== What the task requires ==
Beneath this task are records; print exactly the stretch of them from the line with "Olympiakos Football Shirt" through the line with "輸送帶自動除鐵器，輸送", both ends included.

== Listed records ==

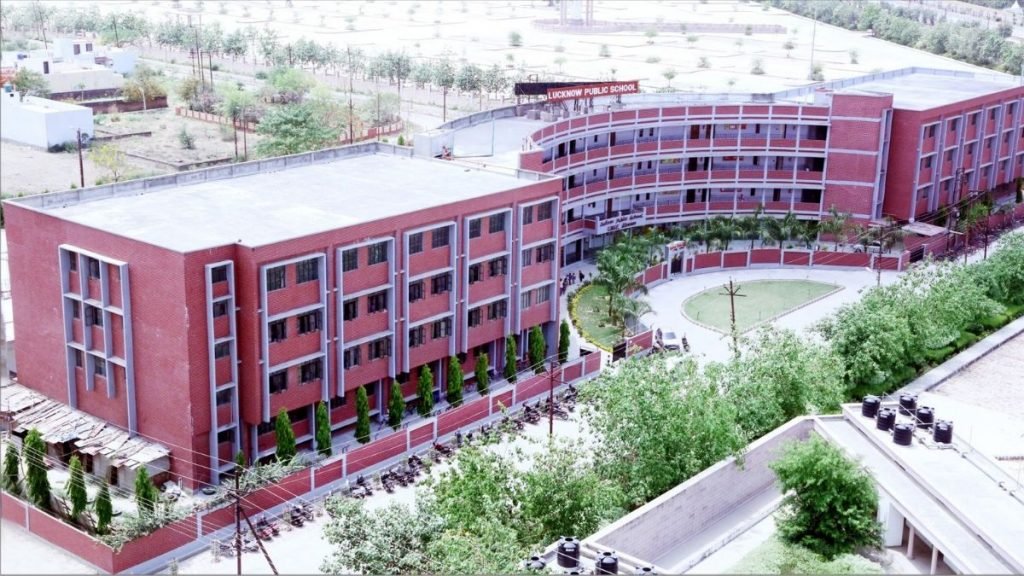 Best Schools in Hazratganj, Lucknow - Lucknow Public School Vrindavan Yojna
==
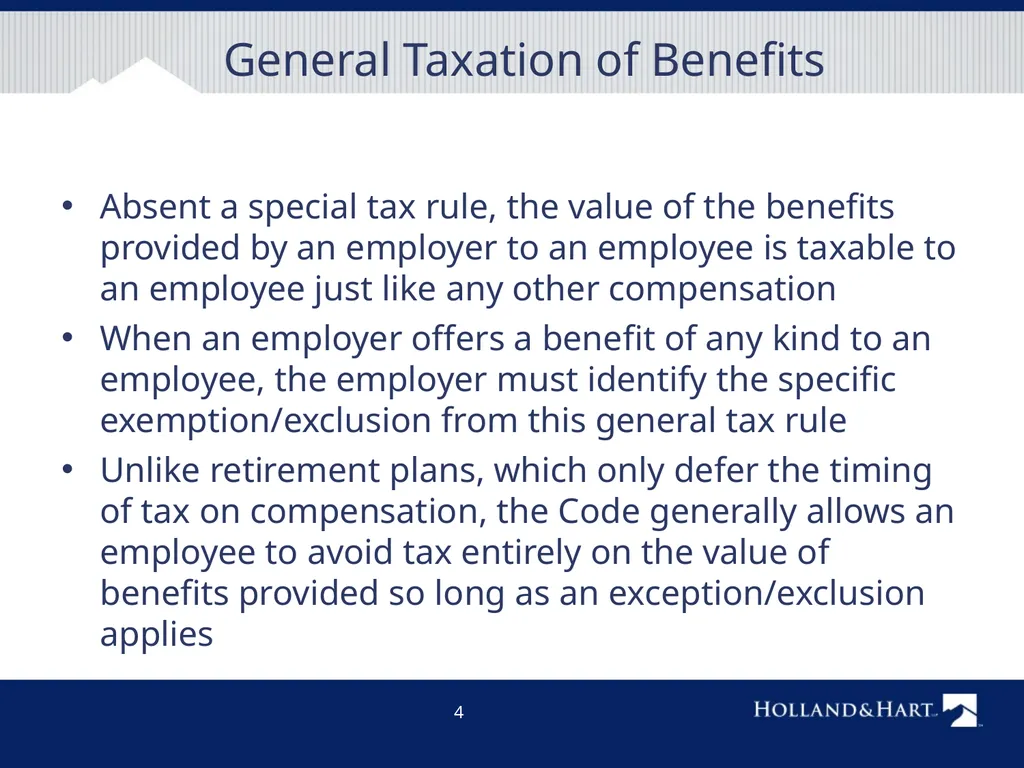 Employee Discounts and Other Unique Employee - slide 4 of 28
---
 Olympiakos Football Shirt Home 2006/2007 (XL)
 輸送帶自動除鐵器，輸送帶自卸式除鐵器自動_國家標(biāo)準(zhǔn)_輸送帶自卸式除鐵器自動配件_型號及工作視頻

== Reply ==
 Olympiakos Football Shirt Home 2006/2007 (XL)
 輸送帶自動除鐵器，輸送帶自卸式除鐵器自動_國家標(biāo)準(zhǔn)_輸送帶自卸式除鐵器自動配件_型號及工作視頻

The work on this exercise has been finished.